Our paper is organized as follows. In Section 2, we introduce the data that we are working on, focusing on how they have been produced and extracted from the vehicle and the workflow leading to anomaly detection. In Section 3, we describe in detail the addressed issue and the three state-of-the-art models and architectures we used, including the entire process of unsupervised anomaly detection. In Section 4, we specify the performance metrics we used to evaluate our models and the qualitative results we obtained from the aforementioned data. In this section, we also introduce and evaluate a method for finding variables that are the most correlated with the abnormal labels. In the last section, we discuss the overall work presented in this paper in terms of opportunities and limitations, focusing on our main contributions. We then introduce possible future work that could enhance our models based on our findings.

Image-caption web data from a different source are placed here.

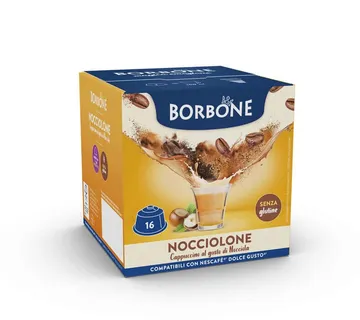 Borbone NOCCIOLONE instant napitak s okusom cappuccina od lješnjaka - cover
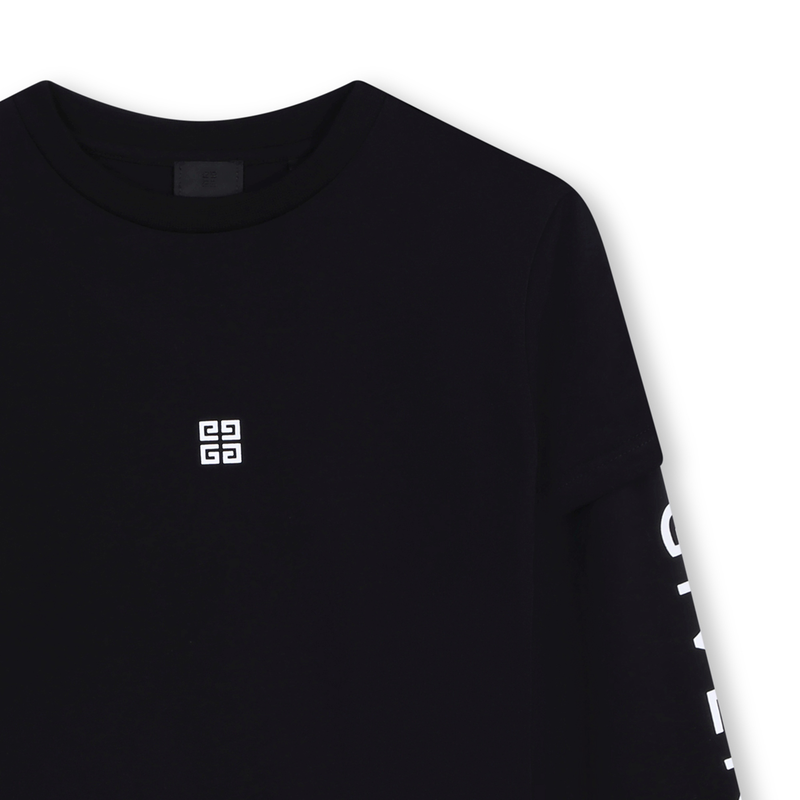 Layered Graphic Print T-Shirt GIVENCHY 
                    BOY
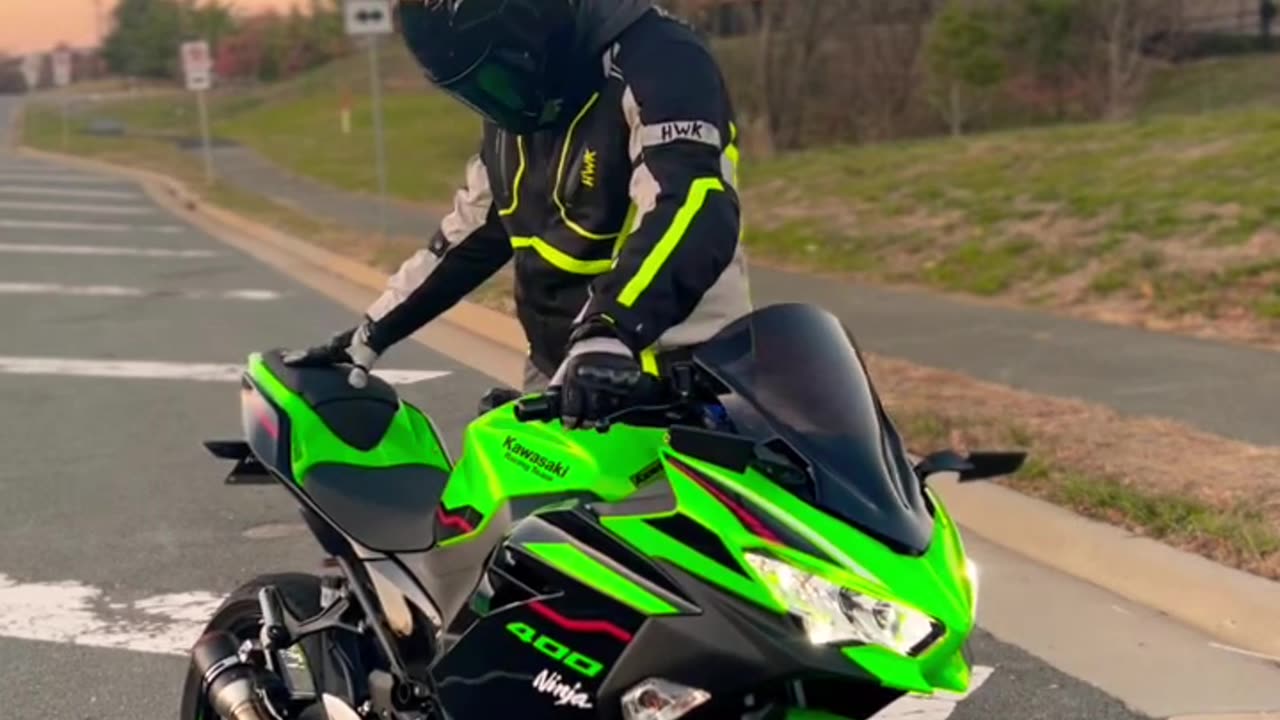 2022 Ninja 400 startup sound🔥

2. Car Time Series Extracted from the CAN Bus

In this section, we present the process of data generation in the car and how it can be exploited for machine learning purposes.

2.1. The Data and the Car

A car is a complex assembly of mechanical and electrical parts. The control and sensing of all of those parts are processed by electric computing units (ECU). ECUs are microcontroller-based units that can receive, process, and send information from and to other ECUs. Specifically, information transits through a controller area network (CAN) bus. For example, one ECU might control the oil temperature while receiving and processing information about the motor rotational speed that has been sent from the ECU managing the motor area. In a modern car, tens of ECUs can process information simultaneously while the car is running. Information transiting through the CAN bus is thus a very good reflection of the car’s global state. In order to extract this information, a spy system can listen to the information transiting on the CAN bus and save it in a structured manner, associating a sample to its variable and timestamp. Then, the resulting data can be sent to a cloud database and into an anomaly detector, as shown in Figure 1.

2.2. Our Dataset

The dataset used in this paper consists of the recordings of 486 variables gathered from an Alpine Renault car during driving tests conducted on circuits. Those tests were conducted over the course of 4 months, resulting in 17 GB of data. The sampling rate of the recordings was 10 Hz. In order to simplify the training and evaluation of the model, we filtered variables with respect to their complexity and retained only the richest ones. As many variables correspond to commands with only one to three discrete values and are rarely triggered, most of the signals show very few variations through time and are therefore poorly informative. Those are the variables which we filtered out. This process resulted in an 85-variable system. As recordings do not have the same temporal length, this dataset can be seen as a set of multivariate time series with different lengths. Finally, we resampled the data to 1 Hz using the average in order to save time on training and testing. This dataset is not public but is necessary in order to apply state-of-the-art anomaly detectors to real case studies. Nevertheless, we have included a comparison of different state-of-the-art models as well as the ones we have chosen in Table 1. These were applied to an open-source benchmark in order to ensure that our method and implementation were valid.

2.3. Labels

The utilized labels consist of 3683 timestamps in which an anomaly linked to the oil pressure was noticed. They were automatically generated following expert rules over five key variables, namely the oil pressure, the oil temperature, the mean effective torque, the engine RPM, and the engine coolant temperature. The abnormality is here defined as problematic oil pressure behavior. It is worth noting that this highly specific abnormal behavior does not cover all possible abnormal behaviors of the car and thus provides a limited evaluation of our unsupervised anomaly detector.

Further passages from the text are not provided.